SUPPLIED RECORDS:
----

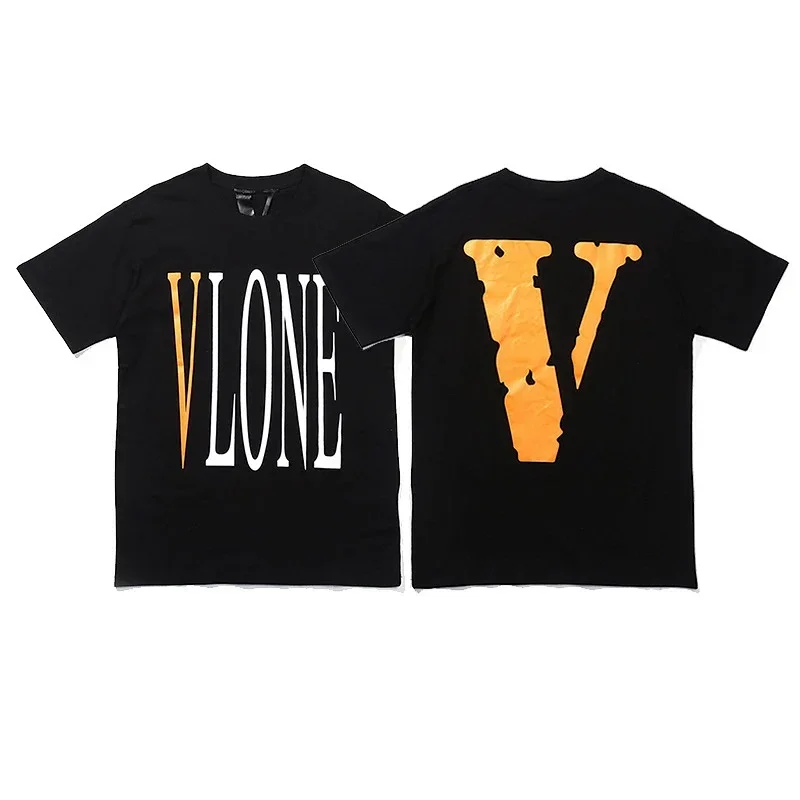 VLONE Black T-Shirt with Orange V Print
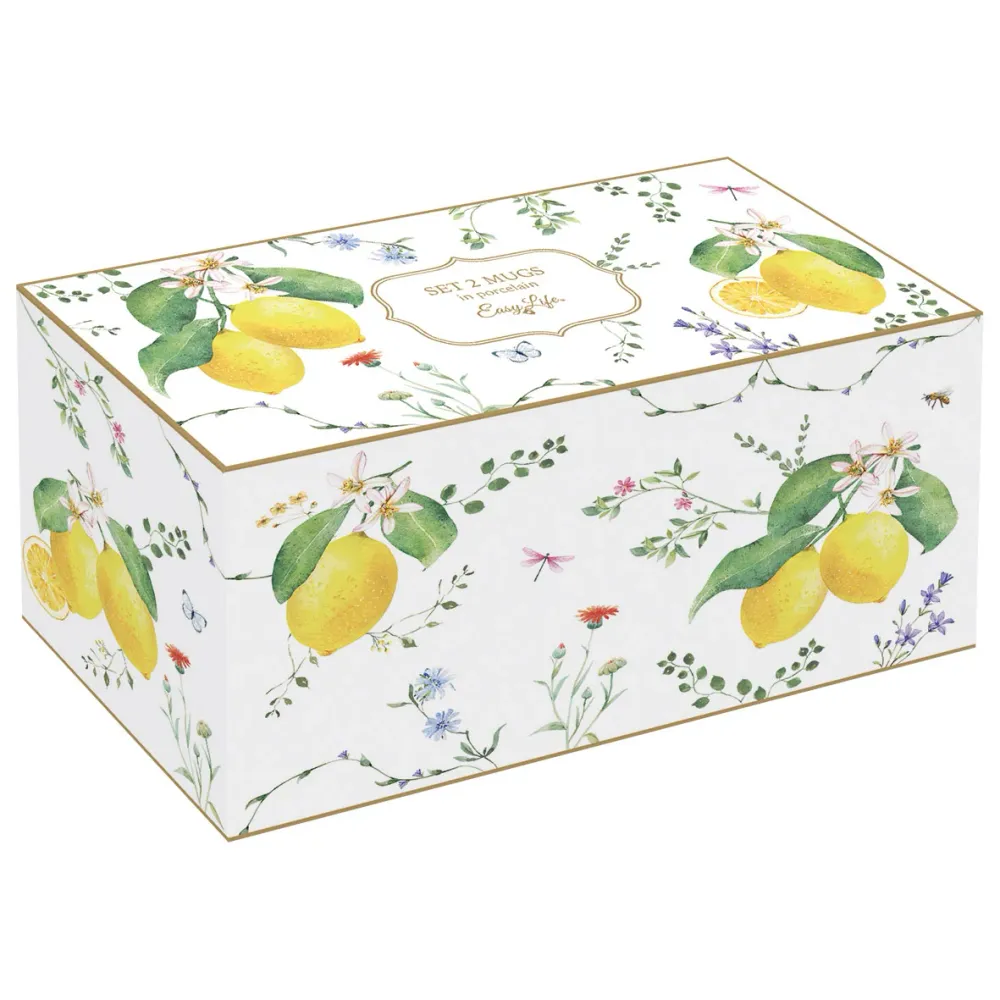 EASY LIFE Fleurs et Citrons Set 2 Tazze Mug 275ml Porcellana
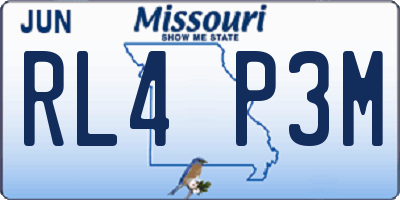 MO license plate RL4P3M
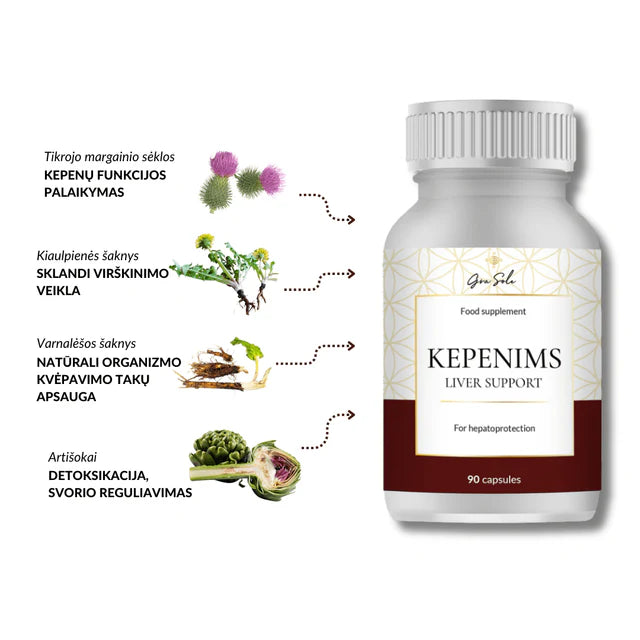GraSole Kepenims (maisto papildas) 90 caps kaina sudetis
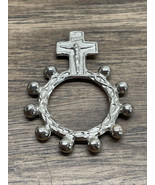 FINGER RING ROSARY SILVER TONE INRI CATHOLIC PRAYER CRUCIFIX KG JD - $13.56 CAD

----

AIM OF THE EXERCISE:
An exact copy of the lines from the line containing "GraSole Kepenims (maisto" through the final line of the listing, without pictures, is the expected result.

EXERCISE ANSWER:
GraSole Kepenims (maisto papildas) 90 caps kaina sudetis
 FINGER RING ROSARY SILVER TONE INRI CATHOLIC PRAYER CRUCIFIX KG JD - $13.56 CAD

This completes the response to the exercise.